In this era of lice checks, ear rubs and hand massages, Perry wouldn’t last an inning, let alone be enshrined in the Hall of Fame. In a lot of ways, Gaylord Perry as a balding, paunchy starting pitcher is a relic of a game long gone. It’s a thrill when a starting pitcher goes 7 innings while a complete game is a dying breed. 44 % of the games Perry started he finished. Logan Webb faced 787 batters last season. Perry would often double that amount while navigating an uncomfortable familiarity with line-ups across a smaller league.
Though the mental tête-a-tête isn’t gone from modern pitching, there’s been an undeniable paradigm shift in the showdown between arm and bat.
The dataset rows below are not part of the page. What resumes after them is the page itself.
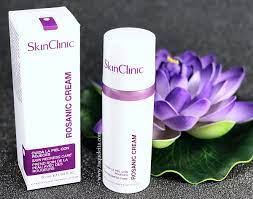 Skin clinic Rosanic Cream - Kem Dưỡng Chuyên Sâu Cho Tình Trạng Da Mẩn Đỏ, Da Nhạy Cảm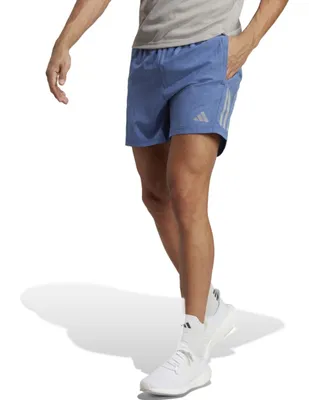 Short con bolsillos ADIDAS para correr hombre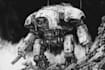 create warhammer illustration based on your description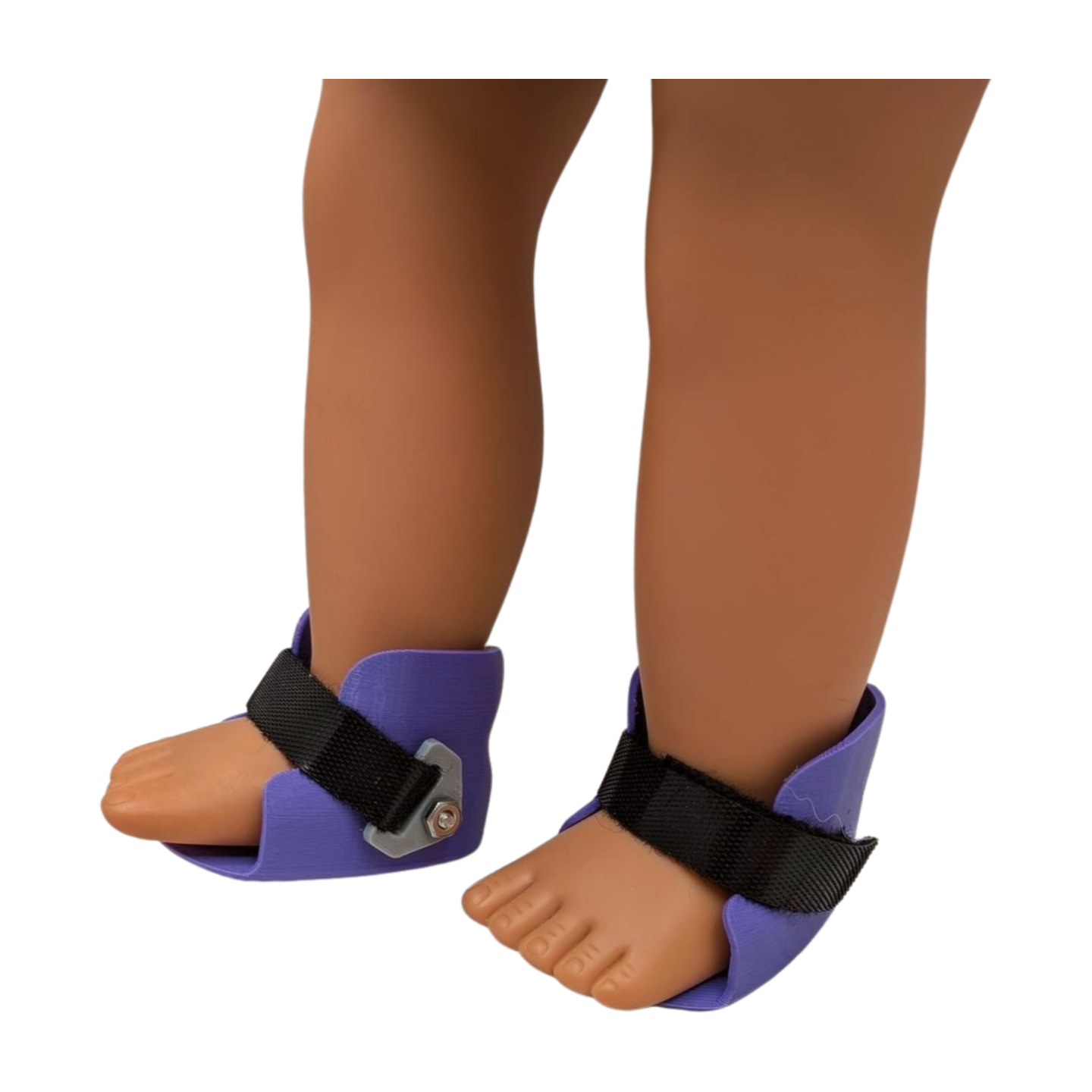 Purple 18-Inch Doll SMOs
Hitters know what Carlos Rodón is going to throw 60 percent of the time—power, or as Krukow would put it: “good ol’ country hardball”, often replaces finesse. The approach to hitting has also changed how pitchers approach hitters. Contact is no longer a victory pursued at any cost. Hitters rarely choke up or protect the plate with two strikes. Data drives decisions: zone breakdowns and swing paths dictate what pitches are thrown and what pitches are swung at.
What hasn’t changed is the ego involved. Perry was successful because yes, he could control a volatile pitch while also throwing a strong fastball, but he also clearly thrived in the pitcher’s unique work environment. He had no problem being the guy with the ball, the one everyone watched and scrutinized. As his fingers danced from mouth to hat to brow to neck to zipper to belt to brow, he knew that everyone in the park was concerned with what he was thinking and that meant he was in control. Perry wanted to show his opponent up and loading the ball was how he did that. The spitball was illegal and blatant and a dare to the hitter, the opposing team’s manager, and umpire: Say something, shout and swear, deal out a punishment, have a fit, throw a water cooler onto the field like Reggie Jackson.
For twenty years, Perry dropped a lion on the lap of opposing hitters and watched as others squirmed and sweated and laughed trying to figure out how to deal with it.
The crazy thing is people loved him for it.